Ana Cristina Silveira Lemos, diretora da entidade, confessou que a diretoria ficou com receio de embarcar na aventura proposta por Nice, “mas o Renato garantiu que não haveria déficit para a instituição. Ele disse que havia alguém por trás do evento que garantiria o resultado”. Mais adiante, Ana Cristina reafirma que o “Renato garantiu que tudo daria certo e que, se houvesse prejuízo, seria coberto. Foi nesse dia que ele mencionou que era a prefeita quem estava por trás do evento”. Ela disse ainda que “diversos servidores da Prefeitura e a própria prefeita participaram da organização da festa”.
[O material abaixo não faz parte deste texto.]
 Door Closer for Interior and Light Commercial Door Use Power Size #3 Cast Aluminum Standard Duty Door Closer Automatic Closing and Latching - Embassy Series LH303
Ana confirmou que o ex-secretário Aldo era o encarregado de recolher o dinheiro das bilheterias. “O Aldo chegou e pediu que lhe passasse o dinheiro arrecadado. Ele foi bastante ríspido e eu achei até que ele poderia me agredir, pois de início me recusei a entregar o dinheiro, já que ele não fazia parte da diretoria da Casa da Criança”. A versão foi confirmada por outra testemunha. Adalberto Mariano dos Santos, que trabalhou na Expo a pedido da prefeita Nice, disse que “o secretário Aldo, todas as noites, após os shows, comparecia nas bilheterias e pegava o dinheiro, levando-o consigo”.
Ermeliana Santos Bueno, funcionária da entidade, confirmou que “os shows já estavam predeterminados pela prefeita. Ela contratou cantores muito caros”. Para Ermeliana, “a Prefeitura não agiu corretamente com a Casa da Criança, pois a entidade acabou ficando com os prejuízos. A Nice havia dito que, caso houvesse prejuízo, ela assumiria a dívida, mas isso não ocorreu. Até a Expo Show a Casa da Criança não tinha dívidas e agora praticamente fechou”, completou a funcionária.
Francisco Rodrigues dos Santos, que trabalhou com um carro de som na divulgação da Expo, disse que os quatro assessores da prefeita – Timpurim, Aldo, Renato e Adriano – é que indicavam, a mando da prefeita, os locais por onde ele deveria passar. “Em certa ocasião, eles dissera que a prefeita queria que eu divulgasse bastante no bairro Oiti, uma vez que lá havia uma pessoa da oposição espalhando boatos de que a festa não seria realizada”.
Promotor quer o pagamento de danos morais coletivos
O ressarcimento dos prejuízos causados à Casa da Criança e a condenação dos acusados por improbidade administrativa não são os únicos objetivos do Ministério Público de Jales. Na ação ajuizada contra Nice e seus ex-assessores, o MP está pedindo, além do ressarcimento de R$ 424,6 mil, a condenação dos acusados ao pagamento de outros R$ 424,6 mil a título de indenização por danos morais coletivos causados à sociedade local. Segundo o promotor Horival, “toda a sociedade de Jales foi ofendida em sua dignidade e decoro cívicos pela ex-prefeita Eunice Mistilides e seus secretários”.
O caso
Assim que assumiu a Prefeitura, a ex-prefeita Nice Mistilides tratou de anunciar, ainda em janeiro de 2013, a contratação de artistas para a Facip programada para abril daquele ano. A festa teria nove dias e uma grade de shows milionária. Para comandar o evento, a prefeita nomeou o vice-prefeito Pedro Callado, mas problemas com a Câmara – que não aprovou o pedido de uma verba de R$ 2,3 milhões para a realização do evento – obrigaram a prefeita a cancelar a Facip há apenas dez dias da data marcada para o início da festa.
Como a prefeita tinha firmado alguns contratos e o cancelamento puro e simples implicaria em multas para a Prefeitura, ela decidiu marcar outra festa para setembro – a Expo Show Uva e Mel, também com nove dias de duração – mantendo a mesma grade de shows, estimada em mais de R$ 1 milhão. Felizmente para a Casa da Criança, que poderia ter um prejuízo maior, a duração da festa acabou sendo reduzida para apenas cinco dias. Duas duplas sertanejas foram excluídas da grade de shows – João Bosco & Vinícius e Humberto e Ronaldo – diminuindo o valor das contratações para cerca de R$ 800 mil. Mesmo assim, a Casa da Criança contabilizou um prejuízo de R$ 424 mil.